• Exercise brief: Within the listing below, please copy exactly the lines between the line holding "French Furniture Fittings" and the line holding "Neandertaler - Sofakissen", inclusive.

• Input:
'''
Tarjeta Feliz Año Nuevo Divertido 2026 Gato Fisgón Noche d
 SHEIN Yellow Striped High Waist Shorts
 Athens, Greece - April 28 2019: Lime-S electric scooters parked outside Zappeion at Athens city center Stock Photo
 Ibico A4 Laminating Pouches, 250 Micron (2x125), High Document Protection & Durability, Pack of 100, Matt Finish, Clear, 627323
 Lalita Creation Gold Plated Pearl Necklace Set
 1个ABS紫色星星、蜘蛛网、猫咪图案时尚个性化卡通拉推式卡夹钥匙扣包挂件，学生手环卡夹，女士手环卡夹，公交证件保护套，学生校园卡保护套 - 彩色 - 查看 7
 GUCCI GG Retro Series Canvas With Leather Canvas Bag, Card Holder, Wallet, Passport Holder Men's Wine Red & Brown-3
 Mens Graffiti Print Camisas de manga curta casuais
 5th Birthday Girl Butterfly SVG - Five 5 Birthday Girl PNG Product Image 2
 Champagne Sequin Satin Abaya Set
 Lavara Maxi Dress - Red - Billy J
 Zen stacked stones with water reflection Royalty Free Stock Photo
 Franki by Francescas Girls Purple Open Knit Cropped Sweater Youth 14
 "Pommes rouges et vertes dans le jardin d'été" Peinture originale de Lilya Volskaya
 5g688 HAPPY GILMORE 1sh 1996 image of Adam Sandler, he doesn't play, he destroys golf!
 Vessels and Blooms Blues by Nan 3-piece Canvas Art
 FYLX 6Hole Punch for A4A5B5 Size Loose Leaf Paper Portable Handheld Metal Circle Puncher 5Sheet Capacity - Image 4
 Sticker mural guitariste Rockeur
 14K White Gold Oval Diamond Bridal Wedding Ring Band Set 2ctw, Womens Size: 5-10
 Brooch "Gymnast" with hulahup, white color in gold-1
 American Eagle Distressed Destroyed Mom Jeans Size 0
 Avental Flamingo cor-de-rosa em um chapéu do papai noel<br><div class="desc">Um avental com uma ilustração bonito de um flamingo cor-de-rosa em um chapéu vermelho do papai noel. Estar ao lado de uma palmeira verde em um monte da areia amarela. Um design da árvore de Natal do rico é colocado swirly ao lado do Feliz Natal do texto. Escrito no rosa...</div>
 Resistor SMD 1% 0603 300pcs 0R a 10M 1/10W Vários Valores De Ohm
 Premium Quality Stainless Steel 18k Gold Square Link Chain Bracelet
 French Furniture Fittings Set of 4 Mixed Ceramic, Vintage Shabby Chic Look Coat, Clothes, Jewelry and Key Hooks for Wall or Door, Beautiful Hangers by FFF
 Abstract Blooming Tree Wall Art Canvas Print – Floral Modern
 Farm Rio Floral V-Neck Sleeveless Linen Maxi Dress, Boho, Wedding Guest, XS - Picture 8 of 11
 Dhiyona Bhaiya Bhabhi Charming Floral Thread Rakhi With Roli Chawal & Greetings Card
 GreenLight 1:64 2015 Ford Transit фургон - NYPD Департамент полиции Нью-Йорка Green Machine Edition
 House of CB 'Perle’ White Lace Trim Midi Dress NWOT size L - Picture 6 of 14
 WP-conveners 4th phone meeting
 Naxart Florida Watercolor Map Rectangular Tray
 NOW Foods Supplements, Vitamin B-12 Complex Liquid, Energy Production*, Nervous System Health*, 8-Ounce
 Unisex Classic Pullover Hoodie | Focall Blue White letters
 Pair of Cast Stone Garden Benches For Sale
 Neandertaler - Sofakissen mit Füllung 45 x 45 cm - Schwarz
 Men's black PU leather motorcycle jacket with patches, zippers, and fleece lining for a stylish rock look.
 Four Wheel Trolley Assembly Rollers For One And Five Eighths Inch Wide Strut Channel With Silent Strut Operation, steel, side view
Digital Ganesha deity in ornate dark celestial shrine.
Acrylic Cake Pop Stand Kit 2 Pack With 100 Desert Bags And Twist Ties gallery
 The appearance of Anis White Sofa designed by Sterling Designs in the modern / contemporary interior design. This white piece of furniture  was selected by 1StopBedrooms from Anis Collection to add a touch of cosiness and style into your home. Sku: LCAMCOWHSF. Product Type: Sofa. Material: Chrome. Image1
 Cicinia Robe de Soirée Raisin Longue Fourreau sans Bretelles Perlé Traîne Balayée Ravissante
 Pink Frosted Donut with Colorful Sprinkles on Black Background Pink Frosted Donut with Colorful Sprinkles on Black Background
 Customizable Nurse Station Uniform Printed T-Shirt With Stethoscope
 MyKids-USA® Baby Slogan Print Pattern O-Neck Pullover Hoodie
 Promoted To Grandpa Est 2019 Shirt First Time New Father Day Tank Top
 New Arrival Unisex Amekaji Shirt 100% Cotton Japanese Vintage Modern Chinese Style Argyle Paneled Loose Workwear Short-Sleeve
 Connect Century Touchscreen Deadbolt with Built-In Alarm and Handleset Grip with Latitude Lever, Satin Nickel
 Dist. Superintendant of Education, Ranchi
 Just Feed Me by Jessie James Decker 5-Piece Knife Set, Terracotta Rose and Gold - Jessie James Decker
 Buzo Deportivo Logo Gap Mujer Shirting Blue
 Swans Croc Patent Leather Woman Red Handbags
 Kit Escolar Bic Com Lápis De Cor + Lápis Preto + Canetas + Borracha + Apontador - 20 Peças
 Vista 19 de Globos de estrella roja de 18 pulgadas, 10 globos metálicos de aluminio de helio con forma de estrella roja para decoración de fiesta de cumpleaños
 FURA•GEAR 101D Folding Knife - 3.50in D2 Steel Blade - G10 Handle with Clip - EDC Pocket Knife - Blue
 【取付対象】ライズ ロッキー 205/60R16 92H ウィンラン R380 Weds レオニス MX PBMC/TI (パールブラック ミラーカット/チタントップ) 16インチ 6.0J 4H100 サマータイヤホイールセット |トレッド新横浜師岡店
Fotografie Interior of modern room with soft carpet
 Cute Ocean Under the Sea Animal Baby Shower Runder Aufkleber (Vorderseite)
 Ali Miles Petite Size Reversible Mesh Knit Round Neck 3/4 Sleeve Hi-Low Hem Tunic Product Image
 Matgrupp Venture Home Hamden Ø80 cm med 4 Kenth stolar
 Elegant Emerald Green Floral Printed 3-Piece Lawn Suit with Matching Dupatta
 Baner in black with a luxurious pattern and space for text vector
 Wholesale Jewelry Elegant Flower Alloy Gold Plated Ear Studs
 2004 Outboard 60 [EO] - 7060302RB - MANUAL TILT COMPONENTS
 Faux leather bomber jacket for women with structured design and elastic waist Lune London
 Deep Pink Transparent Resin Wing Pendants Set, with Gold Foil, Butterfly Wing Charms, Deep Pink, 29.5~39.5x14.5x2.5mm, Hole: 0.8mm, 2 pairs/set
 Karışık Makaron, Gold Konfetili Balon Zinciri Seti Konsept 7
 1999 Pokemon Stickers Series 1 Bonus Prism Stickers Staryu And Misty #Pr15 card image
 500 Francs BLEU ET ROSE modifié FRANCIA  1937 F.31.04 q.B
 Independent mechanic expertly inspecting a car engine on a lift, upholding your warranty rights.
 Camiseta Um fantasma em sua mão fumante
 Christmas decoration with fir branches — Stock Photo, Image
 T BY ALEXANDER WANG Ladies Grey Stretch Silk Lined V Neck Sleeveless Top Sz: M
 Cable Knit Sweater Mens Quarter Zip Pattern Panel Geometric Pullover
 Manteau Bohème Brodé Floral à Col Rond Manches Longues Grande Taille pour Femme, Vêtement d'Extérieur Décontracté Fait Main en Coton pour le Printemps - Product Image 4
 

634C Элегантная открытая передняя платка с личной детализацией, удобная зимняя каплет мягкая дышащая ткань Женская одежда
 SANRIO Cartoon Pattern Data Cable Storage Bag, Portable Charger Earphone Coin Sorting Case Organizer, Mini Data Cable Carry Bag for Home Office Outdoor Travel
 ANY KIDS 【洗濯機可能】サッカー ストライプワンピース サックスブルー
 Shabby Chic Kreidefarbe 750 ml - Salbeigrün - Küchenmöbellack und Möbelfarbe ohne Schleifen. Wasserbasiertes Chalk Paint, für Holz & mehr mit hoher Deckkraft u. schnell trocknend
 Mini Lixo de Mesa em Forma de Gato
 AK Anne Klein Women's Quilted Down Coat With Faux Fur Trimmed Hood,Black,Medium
'''
• Written solution:
 French Furniture Fittings Set of 4 Mixed Ceramic, Vintage Shabby Chic Look Coat, Clothes, Jewelry and Key Hooks for Wall or Door, Beautiful Hangers by FFF
 Abstract Blooming Tree Wall Art Canvas Print – Floral Modern
 Farm Rio Floral V-Neck Sleeveless Linen Maxi Dress, Boho, Wedding Guest, XS - Picture 8 of 11
 Dhiyona Bhaiya Bhabhi Charming Floral Thread Rakhi With Roli Chawal & Greetings Card
 GreenLight 1:64 2015 Ford Transit фургон - NYPD Департамент полиции Нью-Йорка Green Machine Edition
 House of CB 'Perle’ White Lace Trim Midi Dress NWOT size L - Picture 6 of 14
 WP-conveners 4th phone meeting
 Naxart Florida Watercolor Map Rectangular Tray
 NOW Foods Supplements, Vitamin B-12 Complex Liquid, Energy Production*, Nervous System Health*, 8-Ounce
 Unisex Classic Pullover Hoodie | Focall Blue White letters
 Pair of Cast Stone Garden Benches For Sale
 Neandertaler - Sofakissen mit Füllung 45 x 45 cm - Schwarz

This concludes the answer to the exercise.